Oil gave way on Thursday amid doubts about the pace of the global economic recovery. U.S. light crude WTI gave up 1% to $52.34 a barrel for the March futures contract on Nymex, while North Sea Brent crude dropped 0.5% to $55.53.
Gold continued its slide, giving up 0.40% at February futures contract on the Comex to $1,837.90, marking its 6th consecutive session of decline, which had not happened for nearly two years, in March 2019. Silver, on the other hand, was propelled 2.1% to $25.92 an ounce (March contract), following a campaign by investors on the social network Reddit. After the day’s close, silver continued to climb, exceeding $26.50 per ounce.
Overall oil prices stayed steady with $50 mark for WTI and $55 for Brent. Thanks to optimistic figures on oil stocks, US WTI crude futures looked marginally better than Brent contracts. The gap between the grades decreased as a result and turned out to be around $3 per barrel.
The decrease in inventories last week was confirmed by figures from the US Energy Information Administration (EIA), with the size of the reduction being greater than the API data indicated. Against the API forecast of 5.3 million barrels, oil reserves decreased by 9.9 million barrels. The decline was attributed to a drop in production by 0.1 million barrels a day to 10.9 million barrels a day, as well as an impressive decrease in net imports of 2.1 million barrels a day. The stocks of oil products showed mixed dynamics, which were not substantially different from the predictions. The use of refineries fell from 82.5 percent to 81.7 percent.
Against the backdrop of the release of the results, prices leaped, but a further deterioration in sentiment on world markets, linked to the dissatisfaction in the statement by the Fed, put pressure on oil and did not make a confident plus to close the trade.

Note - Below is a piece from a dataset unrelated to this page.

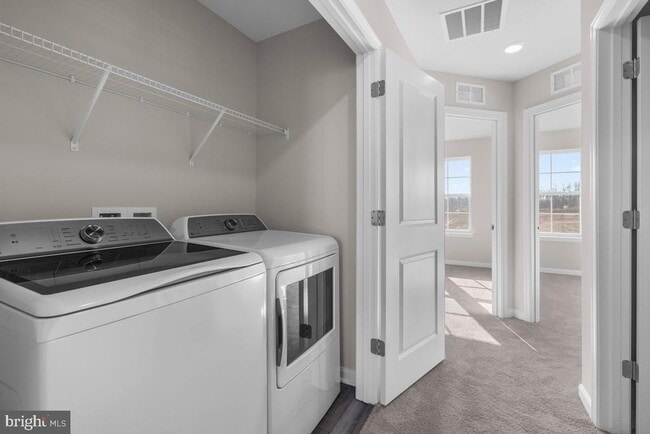 Building Photo - 569 Seeback Dr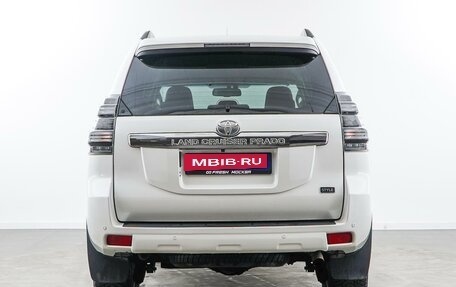 Toyota Land Cruiser Prado 150 рестайлинг 2, 2017 год, 4 357 077 рублей, 4 фотография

On Wednesday, the Biden administration in the United States revoked new leases on federal property for the extraction of oil and gas and reduced subsidies for fossil fuels. On federal property, approximately 22 percent of American oil and 12 percent of gas is generated. Around the same time, the carbon dioxide emissions share of businesses working on these lands is almost 25 percent. This makes it an essential priority of Biden’s environmental policy to restrict development on federal lands. How higher the pressure on the industry can really be is not yet apparent. Such a deterrent, however, further decreases the chances of a revived expansion of the shale sector and shale oil over-supply. This is a boost for oil markets.